Upon arrival I was faced with a queue not unlike a biblical scene of rapture. I do not believe in God. The sprawling mass of people extended from the door of the venue to beyond the Medical School across the square. Upon closer inspection, it seemed that most of the congregants were adorning quasi-mainstream ensembles: terracotta skin tones; checked shirts; and skinny jeans. I assumed that Aubergine had neglected to inform me of the ‘common-people’ theme for the event. My vintage gorilla fur jumper made me stand out. This was nothing new. I live to be different.

Animalistic Queueing.

Animalistic Queueing.

After a 2 hour wait for entry, we entered through a side door and paid an admittance fee, which at £5 was steep compared to other dairy-craft evenings. After my wrist was manhandled and stamped with an abrasive pigment, I realised I had made a horrible mistake: the black floors shimmered with glutinous, unidentifiable liquids; the great unwashed were drinking directly from fluorescent alcohol bottles; and the bass emanating from the speakers could only be attributed to unspeakably nefarious 90’s pop. This was not an evening of cheese – this was a popular club night.

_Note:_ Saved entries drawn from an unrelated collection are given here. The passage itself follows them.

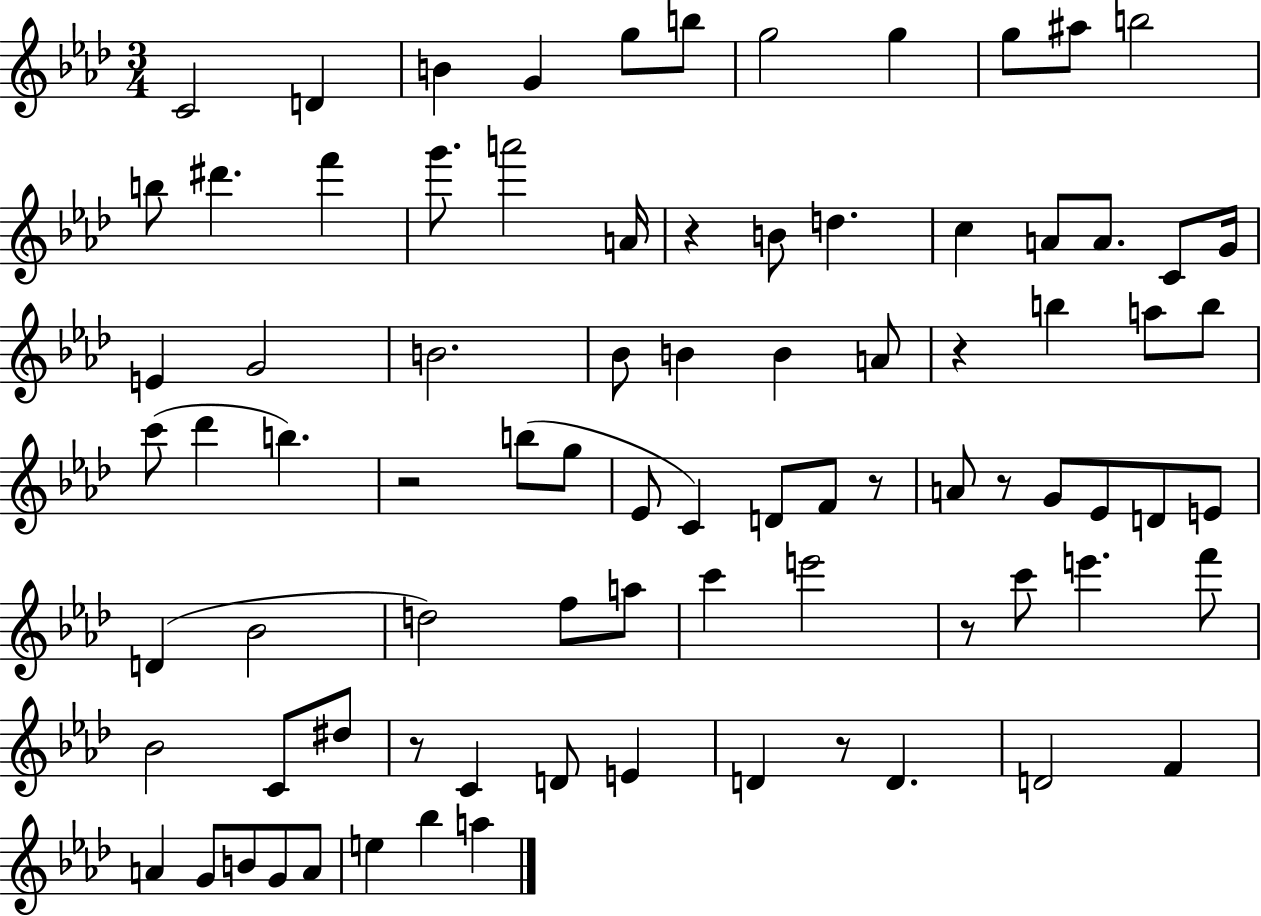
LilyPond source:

{
  \clef treble
  \numericTimeSignature
  \time 3/4
  \key aes \major
  c'2 d'4 | b'4 g'4 g''8 b''8 | g''2 g''4 | g''8 ais''8 b''2 | \break b''8 dis'''4. f'''4 | g'''8. a'''2 a'16 | r4 b'8 d''4. | c''4 a'8 a'8. c'8 g'16 | \break e'4 g'2 | b'2. | bes'8 b'4 b'4 a'8 | r4 b''4 a''8 b''8 | \break c'''8( des'''4 b''4.) | r2 b''8( g''8 | ees'8 c'4) d'8 f'8 r8 | a'8 r8 g'8 ees'8 d'8 e'8 | \break d'4( bes'2 | d''2) f''8 a''8 | c'''4 e'''2 | r8 c'''8 e'''4. f'''8 | \break bes'2 c'8 dis''8 | r8 c'4 d'8 e'4 | d'4 r8 d'4. | d'2 f'4 | \break a'4 g'8 b'8 g'8 a'8 | e''4 bes''4 a''4 | \bar "|."
}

Everything about it was terrible and I wanted to leave.

Before I could make any attempt to escape the tacky clutches of the mainstream, I was ensnared by a very large woman, possessed of odour that amounted to a rather potent blend of mediocrity and shame. Presuming she had the sole intention of being vaginally stimulated on the dance floor, I quickly broke free of her New Look-clad grasp and lost myself in the centre of a throbbing mass of the gyrating proletariat.

'Gyrating Proleteriat.'

‘Gyrating Proleteriat.’

As I shuffled uncomfortably, entangled breathlessly by the moistened limbs of the resident mouth-breathers, my well-travelled and educated life flashed before my eyes. Tongues used to uttering idiotic but well-meaning contributions in biology tutorials were interlocked as far as my (clear lens) bespectacled eyes could see. I accepted my fate; I was to perish alone, surrounded by creatures bedecked in tawdry high street abominations. With seemingly no possible method of escape, Aubergine burst through the ranks of the culturally impoverished, dragging me out of the premises to bohemian salvation.

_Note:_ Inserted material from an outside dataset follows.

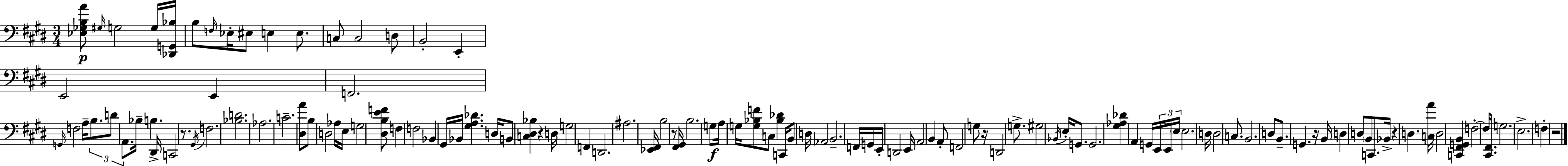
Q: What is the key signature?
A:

I have come to the conclusion that the Big Cheese is the Noah’s Ark of the undesirables: rugby lads homoerotically peacock in their ghastly tweed ensembles; medics interbreed amongst themselves with the desperation of a Carthaginian queen; fashion show wannabes mill around with less style than Peruvian street urchins (many of whom I can call friends); and ravers adorn their unsculpted torsos with t-shirts emblazoned with images of a Miami skyline, all with aspirations that extend no further than 2:2s and managerial positions at McDonald’s.

And if you hadn’t noticed; yes, the semi-colon is in.